What this task involves:
Directions for the data below: repeat exactly the lines from the one with "Camouflage, Pattern, Abstract, Background, Texture, Army" through the one with "viktoria bujna business card", both included, and omit all pictures.

Source data:
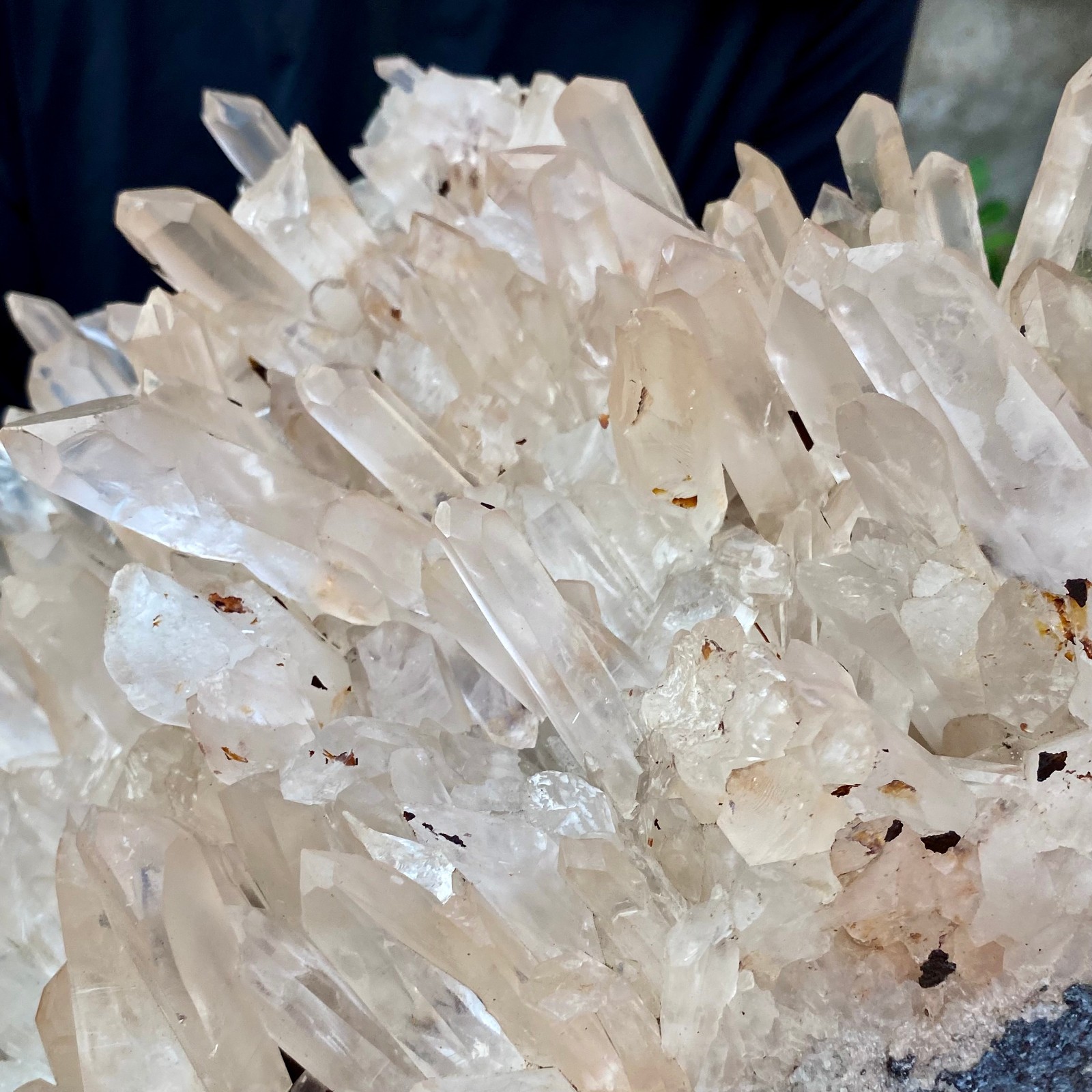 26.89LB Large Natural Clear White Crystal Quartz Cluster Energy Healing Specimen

* * *

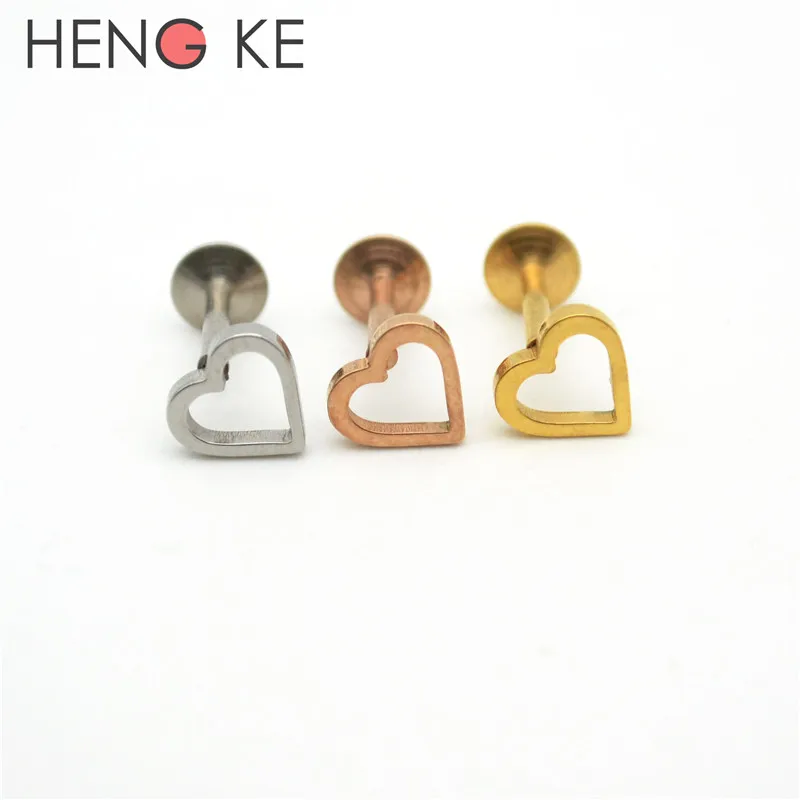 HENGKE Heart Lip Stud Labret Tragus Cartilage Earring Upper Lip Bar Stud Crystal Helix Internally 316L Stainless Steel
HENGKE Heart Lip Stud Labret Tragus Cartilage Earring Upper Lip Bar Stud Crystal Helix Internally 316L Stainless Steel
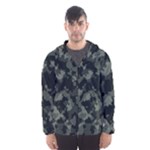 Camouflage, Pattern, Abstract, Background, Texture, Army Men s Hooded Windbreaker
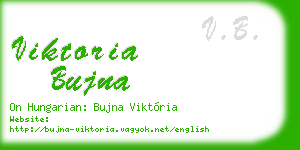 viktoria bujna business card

---

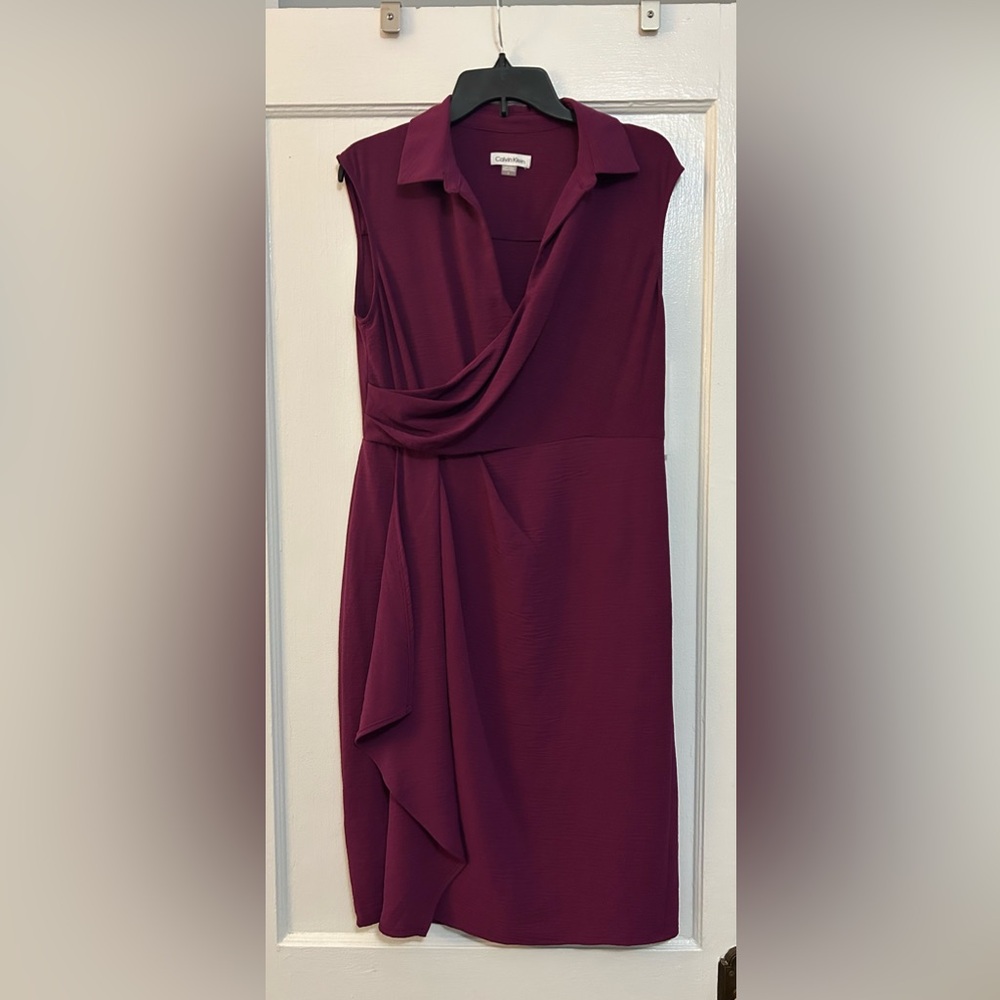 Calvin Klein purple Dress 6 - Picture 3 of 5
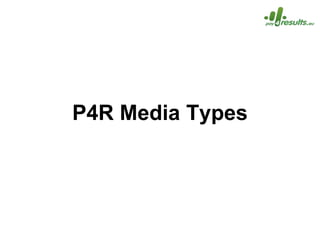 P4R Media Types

Response for this exercise:
 Camouflage, Pattern, Abstract, Background, Texture, Army Men s Hooded Windbreaker
 viktoria bujna business card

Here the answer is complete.